Each entry below is to be duplicated verbatim.

▼

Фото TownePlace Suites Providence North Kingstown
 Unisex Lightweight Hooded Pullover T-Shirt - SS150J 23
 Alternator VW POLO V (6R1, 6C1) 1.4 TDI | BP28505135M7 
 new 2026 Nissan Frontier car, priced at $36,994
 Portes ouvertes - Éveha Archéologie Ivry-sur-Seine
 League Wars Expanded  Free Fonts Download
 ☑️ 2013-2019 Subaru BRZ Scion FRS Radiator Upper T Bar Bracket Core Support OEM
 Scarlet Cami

▲

• **RESPONSE TO THE EXERCISE**
Фото TownePlace Suites Providence North Kingstown
 Unisex Lightweight Hooded Pullover T-Shirt - SS150J 23
 Alternator VW POLO V (6R1, 6C1) 1.4 TDI | BP28505135M7 
 new 2026 Nissan Frontier car, priced at $36,994
 Portes ouvertes - Éveha Archéologie Ivry-sur-Seine
 League Wars Expanded  Free Fonts Download
 ☑️ 2013-2019 Subaru BRZ Scion FRS Radiator Upper T Bar Bracket Core Support OEM
 Scarlet Cami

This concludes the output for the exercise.